Table of contents
TOC
Collapse the table of content
Expand the table of content

Converting RevoScaleR Model Objects for Use in PMML

Rich Calaway|Last Updated: 12/15/2016
|
2 Contributors

The objects returned by RevoScaleR predictive analytics functions have similarities to objects returned by the predictive analytics functions provided by base and recommended packages in R. A key difference between these two types of model objects is that RevoScaleR model objects typically do not contain any components that have the same length as the number of rows in the original data set. For example, if you use base R's lm function to estimate a linear model, the result object contains not only all of the data used to estimate the model, but components such as residuals and fitted.values that contain values corresponding to every observation in the data set. For estimating models using big data, this is not appropriate.

However, there is overlap in the model object components that can be very useful when working with other packages. For example, the pmml package will generate PMML (Predictive Model Markup Language) code for a number of R model types. PMML is an XML-base language which allows users to share models between PMML compliant applications. For more information about PMML, visit http://www.dmg.org .
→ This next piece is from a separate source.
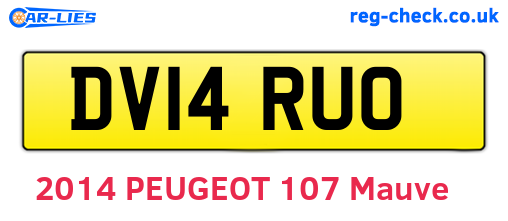 DV14RUO are the vehicle registration plates.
RevoScaleR provides a set of coercion methods to convert a RevoScaleR model object to a standard R model object: as.lm, as.glm, as.rpart, and as.kmeans. As suggested above, these coerced model objects do not have all of the information available in a standard R model object, but do contain information about the fitted model that is similar to standard R.
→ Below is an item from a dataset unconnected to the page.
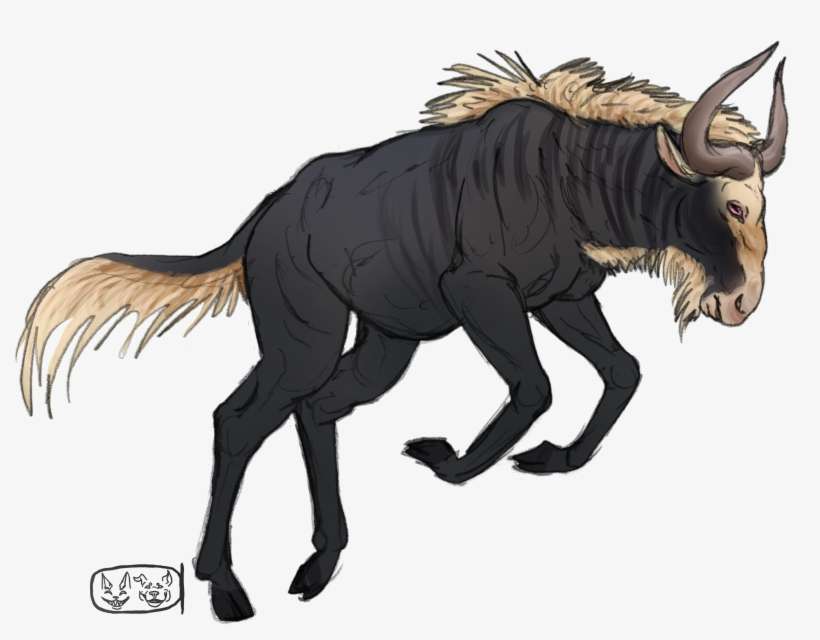 Boar - Illustration, transparent png download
For example, let’s create an rxLinMod object by estimating a linear regression on a very large dataset: the airline data with almost 150 million observations.

######################################################## 
# Chapter 17: Converting RevoScaleR Model Objects for
#  Use in PMML
########################################################
Ch17Start <- Sys.time()

bigDataDir <- "C:/MRS/Data"
bigAirData <- file.path(bigDataDir, "AirOnTime87to12/AirOnTime87to12.xdf")    

# About 150 million observations
rxLinModObj <- rxLinMod(ArrDelay~Year + DayOfWeek, data = bigAirData, 
    blocksPerRead = 10)

The blocksPerRead argument is ignored if run locally using R Client. Learn more...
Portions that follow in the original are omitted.